### ASSIGNED TASK
Without including any pictures, write out the listing below exactly.

### DATASET SECTION

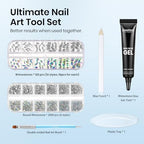 Beetles Gel Polish Nail Glue with Nail Gems Set, 15ml Nail Rhinestone Glue &120+2000Pcs Crystal Glass AB Rhinestones For Nails art, Nail Gems with Double-Ended Clean Up Nail Brush Gifts for Girls - color: 0-6-Nail Art Glue & Rhinestones Set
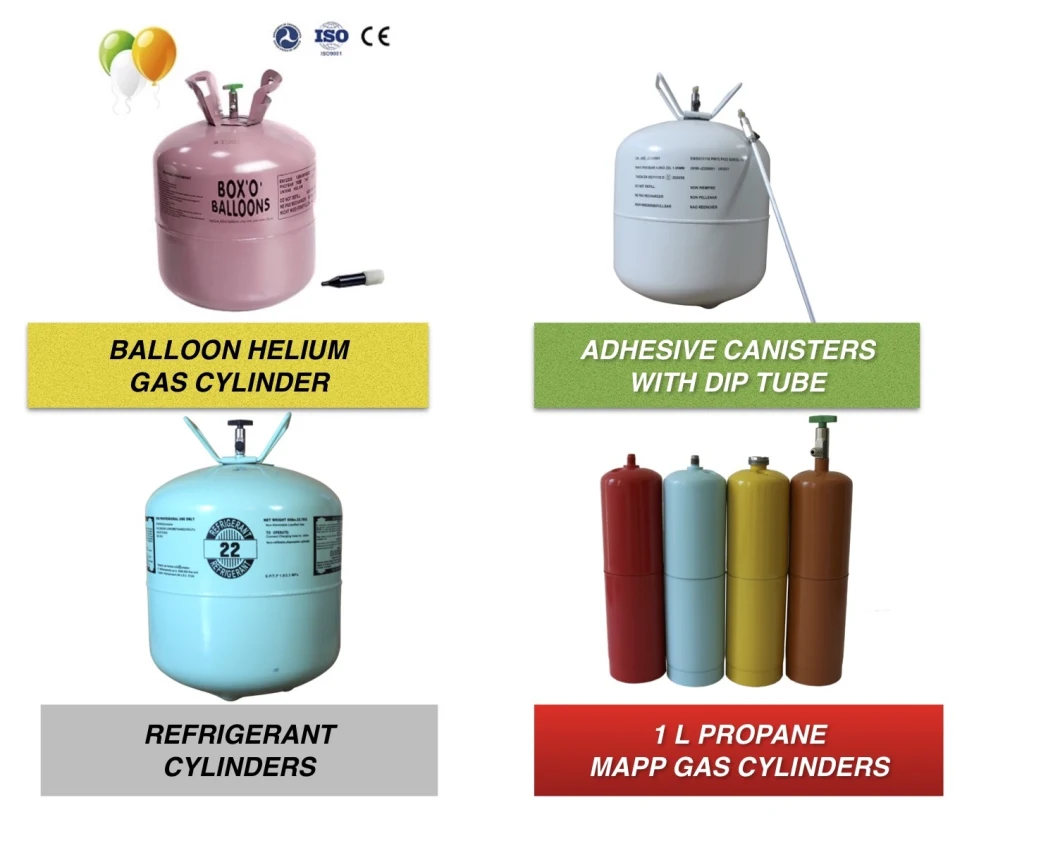 Disposable Helium Gas Cylinder with 7L, 13L and 22L Helium Tank Capacity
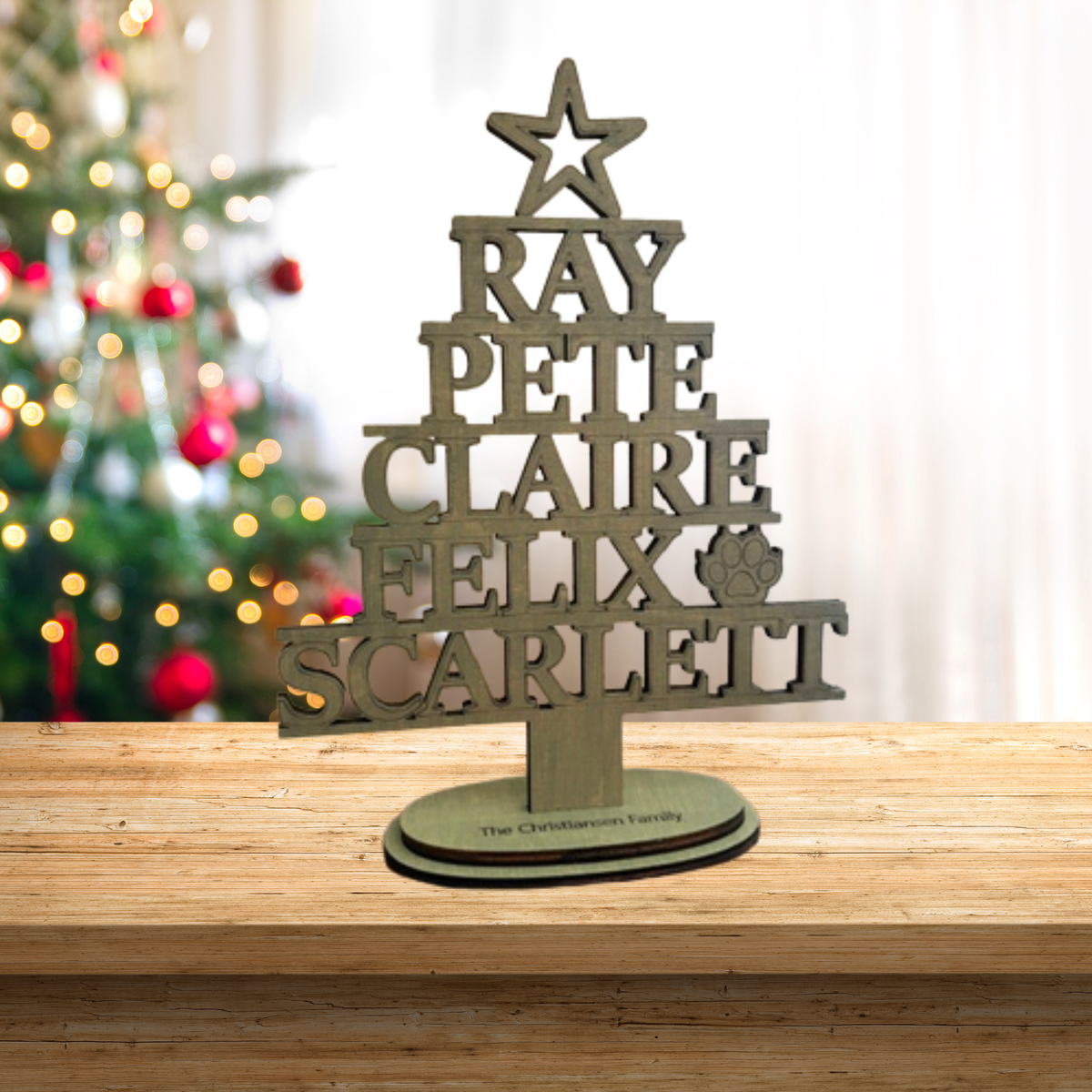 Personalised Family Name Freestanding Christmas Tree Keepsake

### OUTPUT
 Beetles Gel Polish Nail Glue with Nail Gems Set, 15ml Nail Rhinestone Glue &120+2000Pcs Crystal Glass AB Rhinestones For Nails art, Nail Gems with Double-Ended Clean Up Nail Brush Gifts for Girls - color: 0-6-Nail Art Glue & Rhinestones Set
 Disposable Helium Gas Cylinder with 7L, 13L and 22L Helium Tank Capacity
 Personalised Family Name Freestanding Christmas Tree Keepsake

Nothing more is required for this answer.